Closed lachlansneff closed 6 years ago
We discussed tuples in various offline settings. There are a couple of reasons we decided against them, all of which essentially stem from the perspective that WASM should be low-level and tuples are a high level concept that can (and should, IMO) be translated away by a higher level language implementation.
In particular, to achieve the goal of making tuples truly zero cost, tuples values and store locations have to be "flattened" or "normalized", instead of being allocated on the heap. This flattening must happen for all places in a module where tuples occur and in all runtime storage locations. This is no problem to do if tuple types occur as parameters, locals, stack values, and (and later fields, array elements, table elements). But, for return values, flattening runs into trouble, similar to how LLVM/Emscripten's handling of struct returns in C, and needs auxiliary storage. Yuck.

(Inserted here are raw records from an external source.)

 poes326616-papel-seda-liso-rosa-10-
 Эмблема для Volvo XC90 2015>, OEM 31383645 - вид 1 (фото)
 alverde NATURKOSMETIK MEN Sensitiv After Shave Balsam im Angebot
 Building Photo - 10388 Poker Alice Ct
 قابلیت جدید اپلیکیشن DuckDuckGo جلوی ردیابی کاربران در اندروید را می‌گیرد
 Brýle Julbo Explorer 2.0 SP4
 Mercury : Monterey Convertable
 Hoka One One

When we discussed this two-ish years ago, we recognized the simple generalization of multi-value returns removes the need for tuples altogether in WASM, since tuples can be statically translated away by the language implementation. We reasoned that it is overall better if languages with tuples translated them away rather than the unnecessary complexity of flattening in every WebAssembly engine.
I have also have some personal experience in doing tuples in a high-level language (https://github.com/titzer/virgil) and I can say with some certainty that flattening is a whole lot trickier than it seems at first and that complexity should definitely not be inside a WASM engine, IMO.

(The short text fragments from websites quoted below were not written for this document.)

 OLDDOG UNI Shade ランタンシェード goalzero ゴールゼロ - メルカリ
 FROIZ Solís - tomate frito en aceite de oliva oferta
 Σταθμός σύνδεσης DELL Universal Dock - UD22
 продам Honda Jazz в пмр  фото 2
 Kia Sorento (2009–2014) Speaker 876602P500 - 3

Okay, that makes sense. I appreciate you explaining the reasoning behind it.
Agreed with @titzer. Though for the record, the complexity of tuples that he is referring to only arises when they are given the status as first-class values. As far as I am aware, that was never on the table for Wasm. The first version of the reference interpreter had full support for second-class tuples (back when Wasm still was an expression language). Operationally, that was effectively identical to the current stack machine design, only more restricted (by additional validation-time constraints).

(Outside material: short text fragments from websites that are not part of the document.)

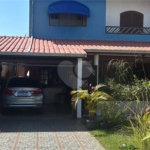 Sobrado à venda com 2 quartos no Centro, Ilha Comprida, SP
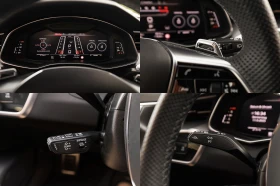 Audi Rs6 Avant performance, снимка 14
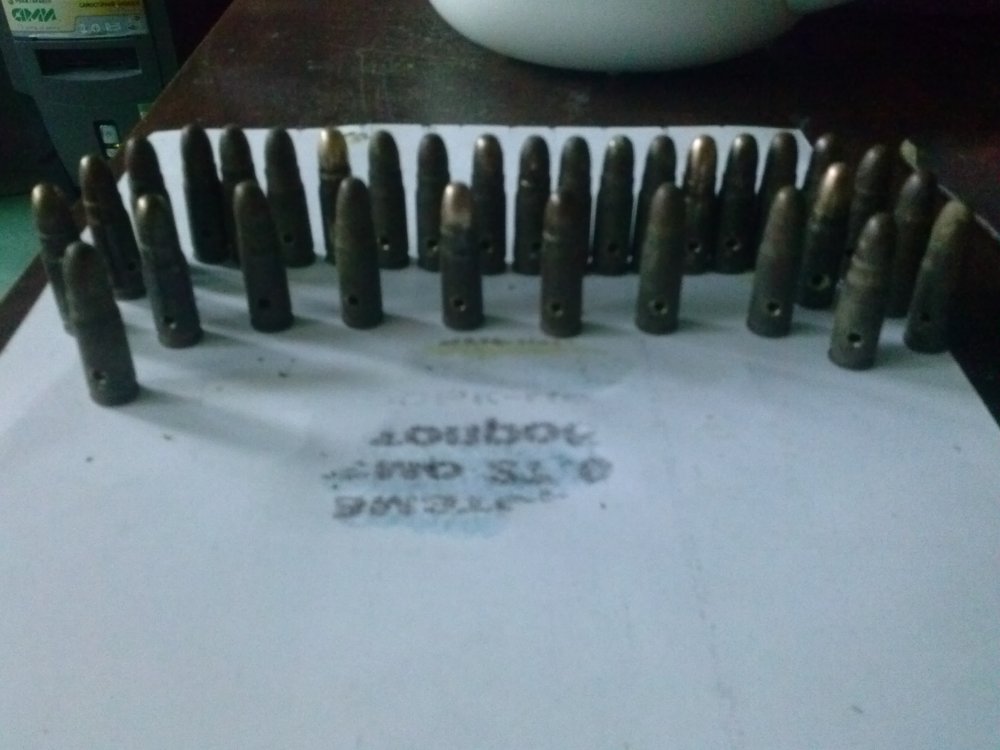 CAM00383.jpg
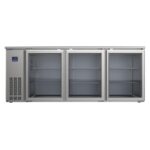 ERV 84 II GD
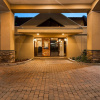 Отель Best Western Orlando West, фото 18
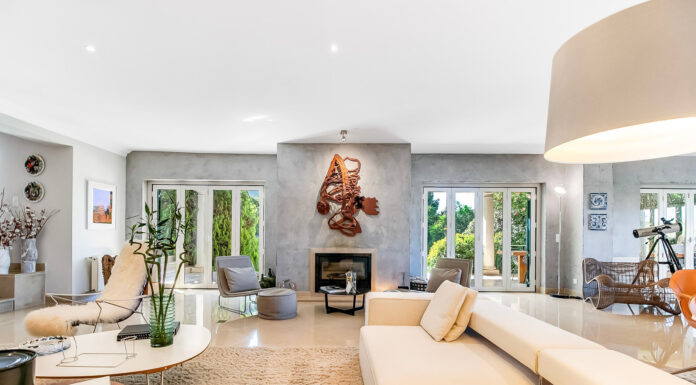 HKK Hakken Real Estate’s Legacy in Crafting Quinta Patino_estoril - HKK Hakken Real Estate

Structs are a first-class notion, however, so Ben's comments apply to them. It's also worth noting that all the same arguments apply to multiple function parameters, which Wasm already has. Multiple results are fully symmetric to multiple parameters. In a stack machine in particular, it is odd not to have both.
If structs or tuples were added to the wasm type system, then multi-value returns wouldn't be needed, since a function could simply return a tuple or struct.
Since there is no gc in wasm yet, you'd need to be able to create them on the stack.
Being able to store structured data on the stack instead of in a gc allocated space (when the gc extension is standardized) would allow for richer host interfaces and better performance in some cases.